0. summary on transformer, estimators, pipelines
1. spark and pandas dataframe conversion, tips in converting datatypes and assign correct schema
2. categorical variables encoding methods: label encoding (string indexer), one hot encoding.
3. feature selection methods in spark ml, selection based on model, lasso.
4. handling skewed datasets and highly imbalanced labels (up/down sampling) SMOTE in spark
5. modelling toolkits, contains common classifiers and their tuning guidance, use of xgboost in spark
6. metrics plotting tools, to plot common metrics after training

### Spark ml structure:
Key components:
1. Transformer
2. Estimator
3. Pipeline

$\textbf{Transformer}$ can transform one df into another df by appending new columns onto original df. E.g., an ML model is a Transformer which transforms a DataFrame with features into a DataFrame with predictions. It has .transform() method, normally taking df as input. Transformers can be trained models, trained encoders.

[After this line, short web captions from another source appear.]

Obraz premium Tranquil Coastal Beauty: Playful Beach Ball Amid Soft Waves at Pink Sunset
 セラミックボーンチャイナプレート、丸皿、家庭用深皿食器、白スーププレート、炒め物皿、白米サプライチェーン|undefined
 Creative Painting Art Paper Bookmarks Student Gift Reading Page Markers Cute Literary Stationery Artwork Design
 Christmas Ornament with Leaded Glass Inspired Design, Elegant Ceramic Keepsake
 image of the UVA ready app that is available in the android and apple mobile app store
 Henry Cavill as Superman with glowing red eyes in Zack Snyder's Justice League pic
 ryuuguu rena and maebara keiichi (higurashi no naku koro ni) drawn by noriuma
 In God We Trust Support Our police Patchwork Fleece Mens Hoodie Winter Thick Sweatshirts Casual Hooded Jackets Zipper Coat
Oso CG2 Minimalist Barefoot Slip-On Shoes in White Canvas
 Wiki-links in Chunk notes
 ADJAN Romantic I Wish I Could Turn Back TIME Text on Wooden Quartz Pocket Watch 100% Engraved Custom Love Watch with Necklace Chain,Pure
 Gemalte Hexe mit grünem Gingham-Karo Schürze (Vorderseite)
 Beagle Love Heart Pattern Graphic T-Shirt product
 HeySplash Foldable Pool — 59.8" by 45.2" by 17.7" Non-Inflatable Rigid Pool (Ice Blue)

$\textbf{Estimator}$ is an algorithm to be fit on a df to produce a Transformer. E.g., a learning algorithm is an Estimator which trains on a df and produces a model; if we specify a One-hot-encoder, it is an estimarot object, we need to .fit() it onto a column and obtain a transformer. Output of fitted/trained estimator is transformer.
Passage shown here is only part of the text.